SageMaker Canvas: Analyze Your LinkedIn Data With No Code!
Learn to analyze LinkedIn data effortlessly using Amazon SageMaker Canvas. This article shows how to extract valuable insights without a single line of code.
Published Jan 26, 2024
I like to sum up everything I work on: projects, physical activity, self-education. And my social media presence is not an exception. Especially I like studying my LinkedIn analytics: how many impressions do I have? Was the last post something essential for my network?
But like all the consolidated dashboards, the LinkedIn dashboard has its limitations: you cannot go beyond the default analytics or extract the details you need.
Happily, there is a way to download the data and query it in a no-code way! Amazon SageMaker Canvas added the ability to use natural language for data preparation. Let’s see how can we leverage the power of this service to explore and extract insights from the LinkedIn analytics data in a no-code mode.
For example, you can ask your data questions! How many followers have I got for the last 365 days? What about last month? What was the day with the most impressions received? What about engagements?
No-code data exploration is not limited to asking questions: you can ask to visualize different columns' relationships. Plot a tendency of followers, impressions, and engagements over time, find a correlation between them, and detect possible anomalies.
In the same way, you can process data: rename columns, change column format, drop columns, and clean outliers. If you are happy with a given data manipulation, you can automate its execution by adding it to steps.
On your LinkedIn profile page, go to the Analytics section and select ‘Show all analytics’. You will then see the dashboard page. Click whether on the ‘Post impressions’ or ‘Followers’ card. Then, on the Analytics page, to get more interesting results, make sure to set the period to 365 days. Download the results using the ‘Export’ button on the top right.
Note: for facilitating the future data preprocessing in SageMaker Canvas, several preparation steps were made: first and third Excel spreadsheets (Engagement and Followers) were saved as separate CSV files; first empty rows and summarizing rows were deleted.
To test the no-code data prep feature, make sure to:
- run SageMaker Canvas data prep in the same AWS Region as the Region where you're running your model. Chat for data prep is available in the US East (N. Virginia), US West (Oregon), and Europe (Frankfurt) AWS Regions
- submit your use case and request access to the Anthropic Claude model in the Amazon Bedrock. For more information, see Add model access.
- make sure that the domain you use for running SageMaker Canvas has AmazonSageMakerCanvasAIServicesAccess policy. In my case, this policy was added by default while creating a new domain.
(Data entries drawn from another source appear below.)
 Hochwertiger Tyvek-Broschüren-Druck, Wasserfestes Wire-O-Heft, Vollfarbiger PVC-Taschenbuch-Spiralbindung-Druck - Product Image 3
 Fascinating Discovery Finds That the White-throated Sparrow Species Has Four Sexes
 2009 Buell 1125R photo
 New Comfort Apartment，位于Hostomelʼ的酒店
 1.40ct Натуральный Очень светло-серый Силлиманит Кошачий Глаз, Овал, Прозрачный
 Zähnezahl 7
You can find out more about the SageMaker Canvas data prep feature in the official documentation.
If you navigate to SageMaker inside your AWS account, you can spot Canvas on the left-hand side. If your account doesn’t have any created domain in the current region (remember to select N. Virginia, Oregon, or Frankfurt), you will need to Create a SageMaker domain. Then select Set up for single user (Quick setup) and click the ‘Set Up’ button.
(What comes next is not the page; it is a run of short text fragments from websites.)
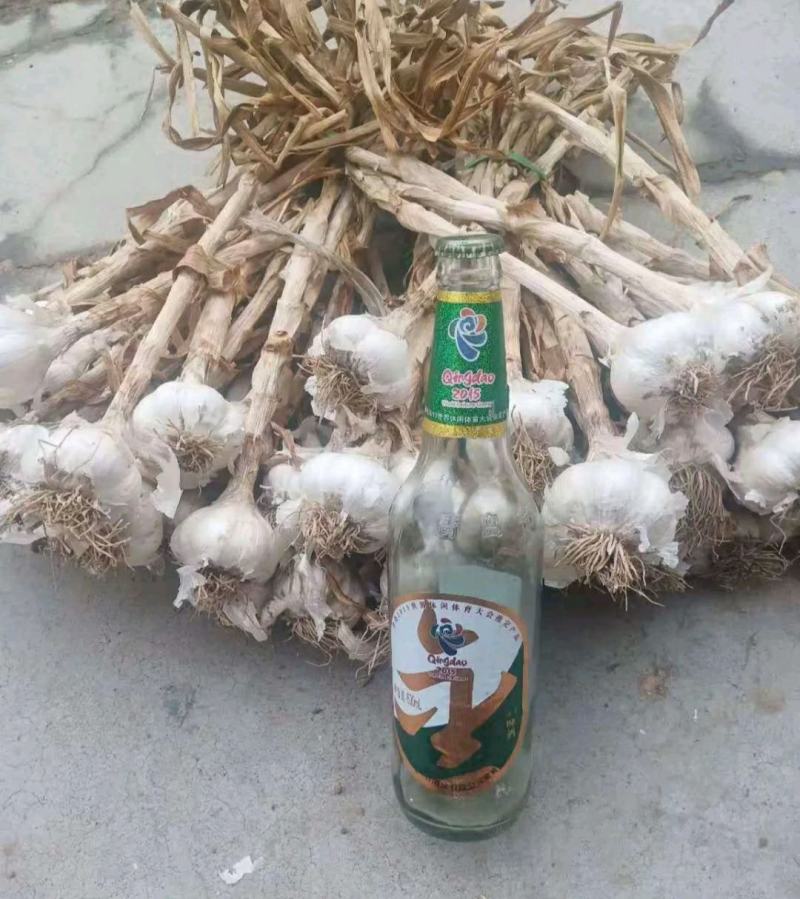 估亩蒜山东青岛大蒜一手货源批发品质保证价格美丽量大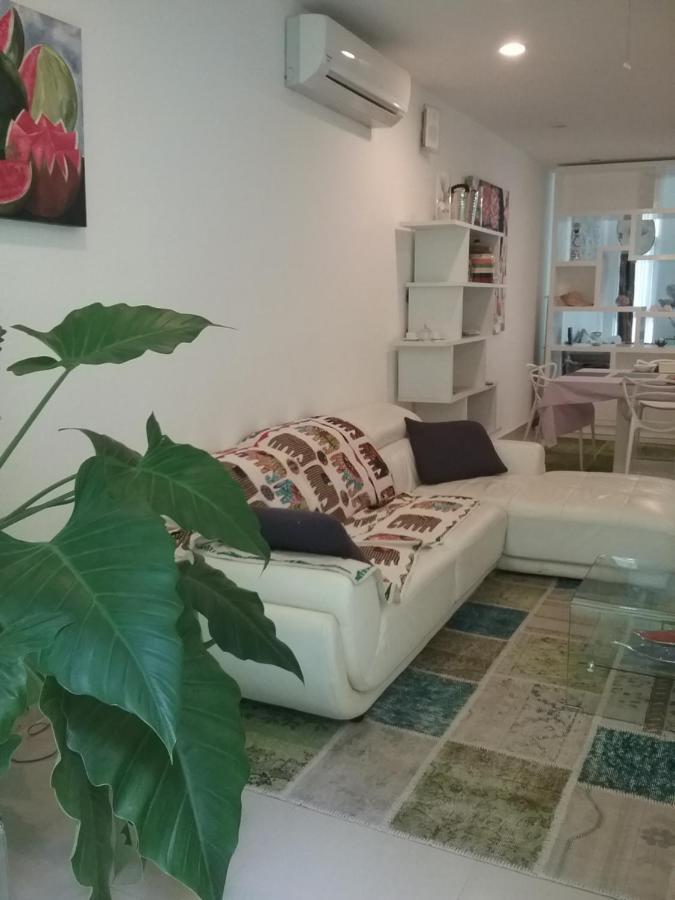 casa rioja PLAYACAR Bed & Breakfast Playa del Carmen Dış mekan fotoğraf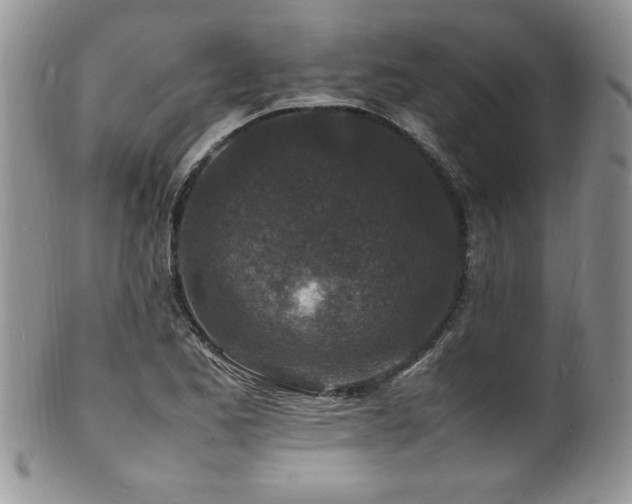 X0000100851173200806201207
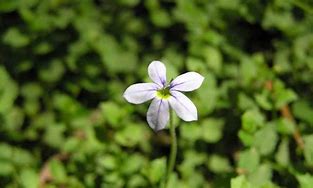 Image result for Blue Star Creeper Ground Cover in Pot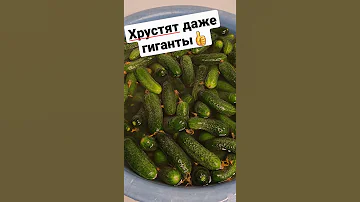 Секрет ХРУСТЯЩИХ огурцов!🥒🥒🥒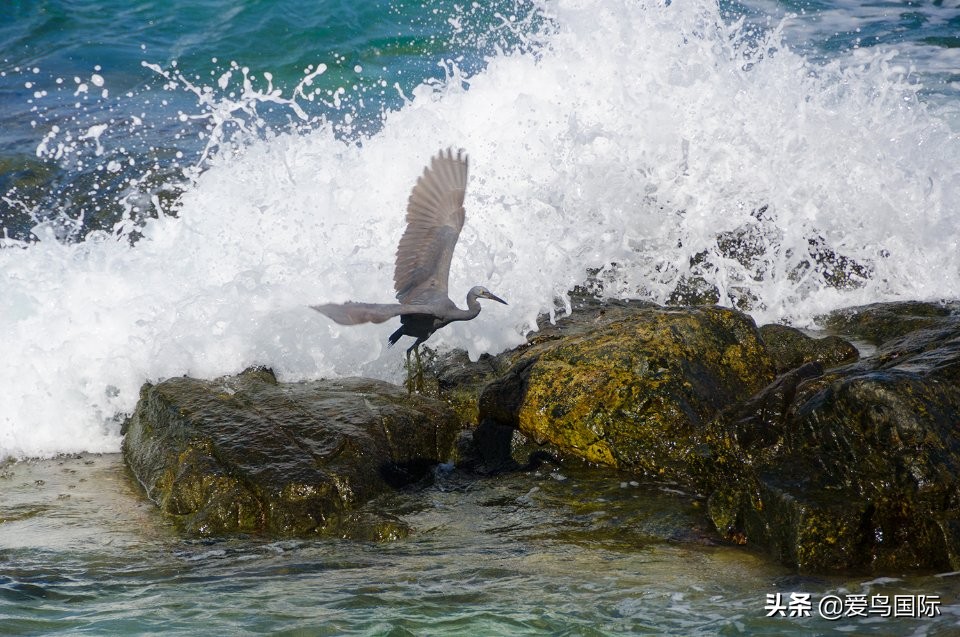 观鸟大年,观鸟大年免费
Once the creation process is finished (typically it takes a few minutes) go back to the Canvas and in the Get Started window click the ‘Open Canvas’ button. SageMaker Studio Canvas opens in a new browser tab, and in a few minutes, an application will be created.
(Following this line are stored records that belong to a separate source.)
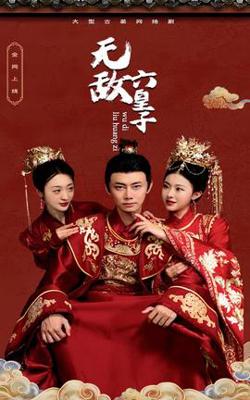 无敌六皇子高清播放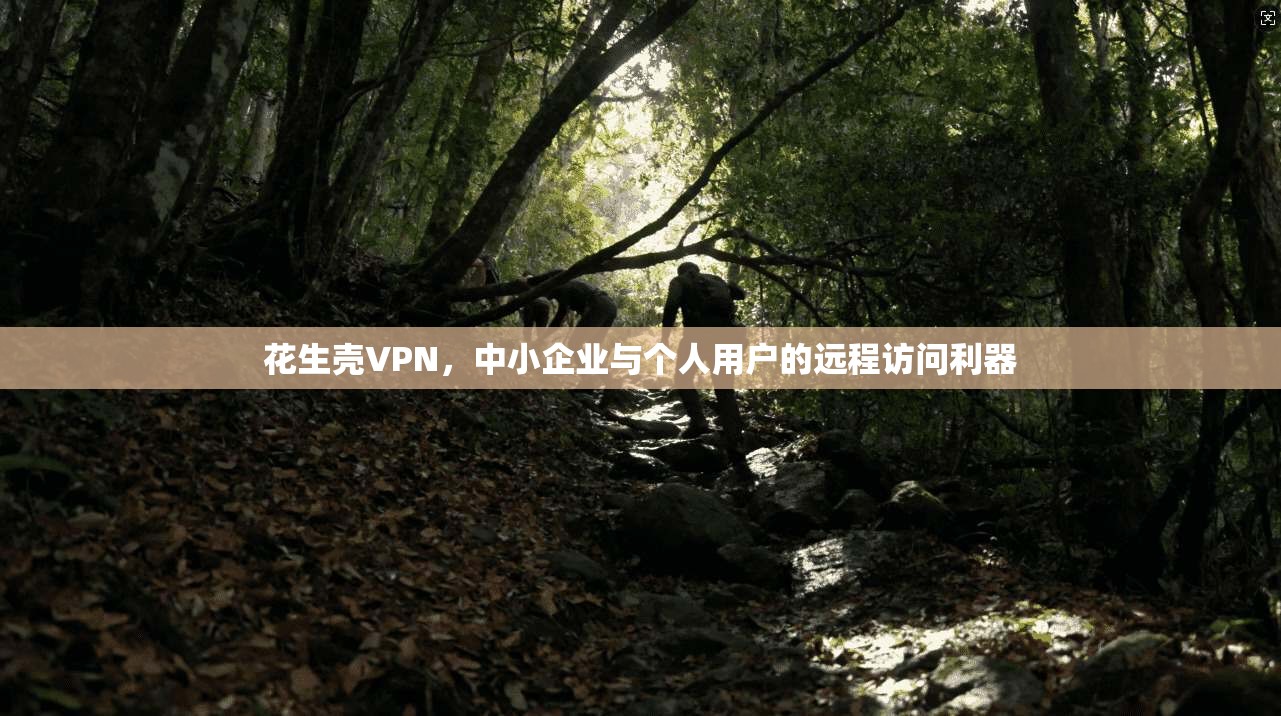 花生壳VPN,中小企业与个人用户的远程访问利器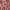 Pink Leopard, Ash Rose, Pink Mini Stripe, variant on Kindly Yours Women's Seamless Hipster Underwear 3-Pack, Sizes XS to XXXL
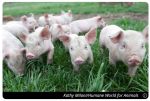 Humane World for Animals Reports Animal Welfare Laws Threatened as Farm Bill Passes U.S. House in Largely Party-Line Vote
If you are curious to learn more about the SageMaker domains, check out domain documentation.
Once your SageMaker Canvas is ready, navigate to the Data Wrangel. You can see several default datasets already available there.
Let’s create new datasets by importing the data. On the right side click on the Create button and select Tabular from the drop-down list. Give your dataset a name (for example, Followers) and select a corresponding file to upload. Alternatively, you can first upload your files to S3 and use it as a Data Source instead of the Local Upload.
Once your data is validated and ready to import, click on the ‘Create dataset’ button.
Repeat the same steps for uploading the rest of your CSV files.
To get more information out of the available data, we will join datasets.
In the Data Wrangel page click on the ‘Join Datasets’ button. There you will find a graphical interface where you can join multiple datasets without any line of code.
Drag and drop your data, modify the join type and joining columns by clicking on the join node, and preview the join results.
When you are happy with the joined dataset, click the ‘Import data’ button in the bottom right. Give it a name and it will appear on the Data Wrangel page.
My LinkedIn data joined dataset contains the following information: date, number of new followers, number of engagements, and number of impressions.
For using a data prep feature select your joined dataset and click on the Create a data flow. Give it a name and click on the ‘Create’ button.
Click on the ‘Chat for data prep’ button. You will see auto-suggested prompts. So let the exploration journey start!
After you finish your data analysis, don’t forget to delete the SageMaker domain. Otherwise, it could be a reason for generating undesired costs.
I hope you enjoyed reading the article, and I am very curious about how you find the Canvas data prep no-code feature. What interesting insights did you get from your data?
P.S. Some future ideas: given the simplicity of data querying and preprocessing, it might be interesting to use the Canvas data prep chat as a starting point with various Kaggle datasets/competitions. Combined with auto ML, it can become a baseline from where you can start working on any improvements.